The temptation here is simply to quote. "I am a poor lost woof from the kennel of Fate looking for a dog to belong to." "As my sixty-seventh birthday approaches (or I approach it in the sense that a fellow jumping from the top of the Empire State approaches the sixty-seventh floor)." "Losing a parent is something like driving through a plate-glass window. You didn't know it was there until it shattered, and then for years to come you're picking up the pieces." "I told an old friend in Rome that I'd never return.

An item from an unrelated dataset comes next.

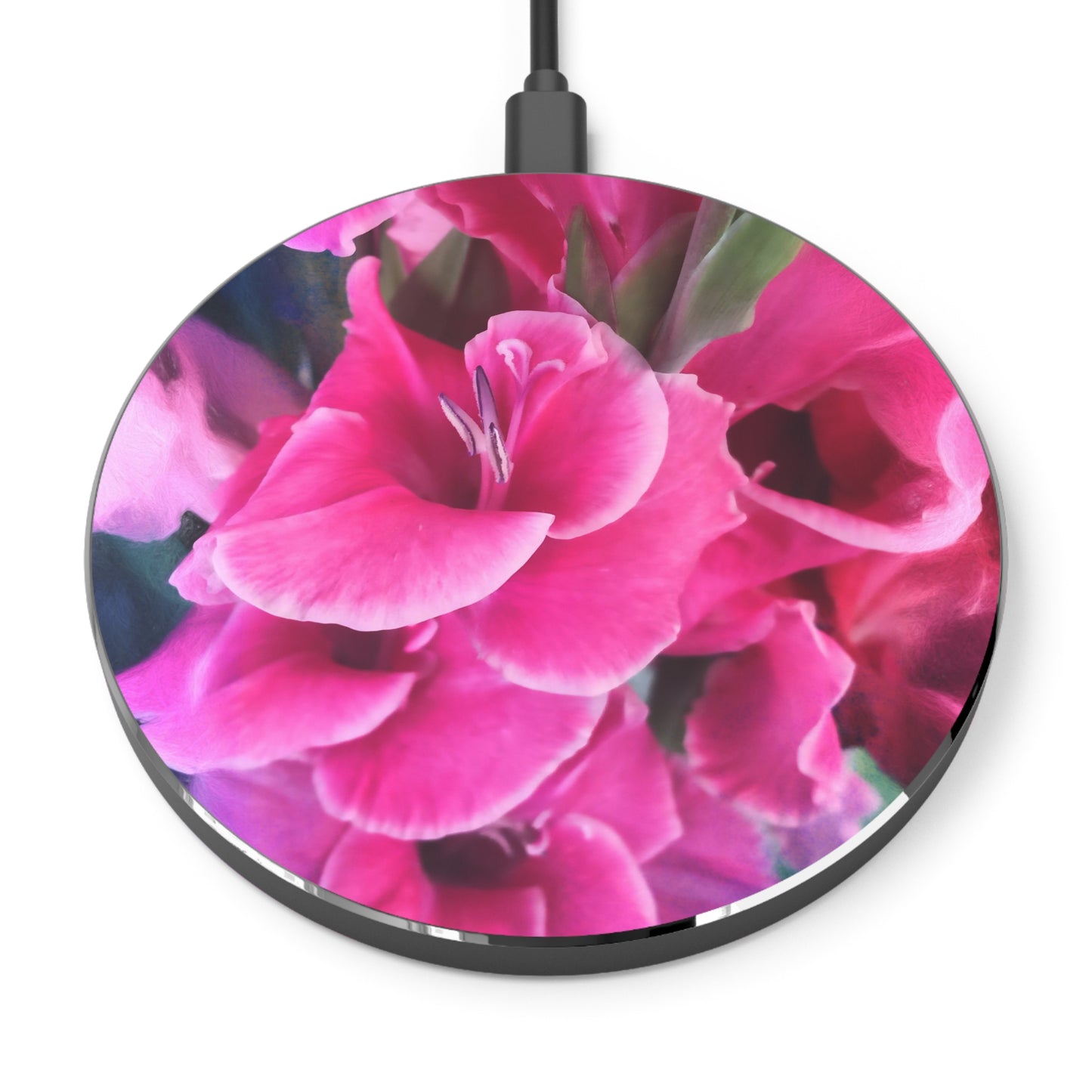 Dark Pink Gladiolas Wireless Charger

One can't even see the city for the cars, the Colosseum is fenced up because the tourists have been taking pieces of it as souvenirs, the Romans all look as though they had just gotten up after an adulterous siesta, first-class hotels stink of bad plumbing, everyone is on the make, the exhibitionists don't even zip up between exposures, they walk around on fashionable streets with their genitals in their hands."
Drollery, mordancy, tenderness, quick-draw portraiture, metaphysical vaudeville, soul talk, heart pains, the whole human mess—Saul Bellow's letters are a Saul Bellow novel, the author himself the protagonist. A Saul Bellow novel! A gift from the grave, like Humboldt's. The great voice again, the peerless voice: speaking of craft, the culture, intellectuals ("those dying beasts"), beach holidays, custody settlements, old times, summer mornings, Chicago, snubs, Jews, Tolstoy. Speaking to lovers, ex-wives, editors, fellow writers (John Berryman, Ralph Ellison, Robert Penn Warren, John Cheever, Karl Shapiro, Philip Roth, Martin Amis), sons, strangers, mentors, countless friends. Cooing, whispering, chuckling, chortling, lecturing, hectoring, denouncing, arguing, reminiscing. The whole life, as intimately as we're going to get it, from 17 to 88.
And thus a riposte to the previous life, James Atlas's openly hostile biography of ten years ago. "The towel with which the bartender cleans the bar," its subject called it. Atlas may have gotten the facts, but he spun them like a spitball pitcher. His Bellow is driven by his insecurities, compulsive in his need to make enemies, utterly selfish in his sexual and marital relationships and incapable of empathy or affection. Now we have raw data and can make some judgments for ourselves. On the letters in particular Atlas gets it precisely and characteristically wrong: "There was a certain impersonality in his boisterous epistolary style; no matter whom Bellow was writing to, his letters have a single tone. It was as if he was writing to just one person: himself."
Nothing could be further from the truth. Not a single tone but a whole church organ of them, for Bellow was always intimately responsive to his correspondents. The early letters to Warren, ten years older and still something of a patron, strain a little for sophistication. To the critic Alfred Kazin, a lifelong rival earlier arrived to acclaim, Bellow sounds at first insecure, then later, as if by way of compensation, ostentatiously clever, as in this, from Paris:
If Stendhal were alive today…he would do as I do with his copy of Les Temps Modernes, that is scan the latest sottises, observe with brutal contempt the newest wrinkle in anguish and then feed Simone's articles on sex to the cat to cure her of her heat and give the remainder to little G[regory] to cut dollies from; he can't read yet and lives happily in nature.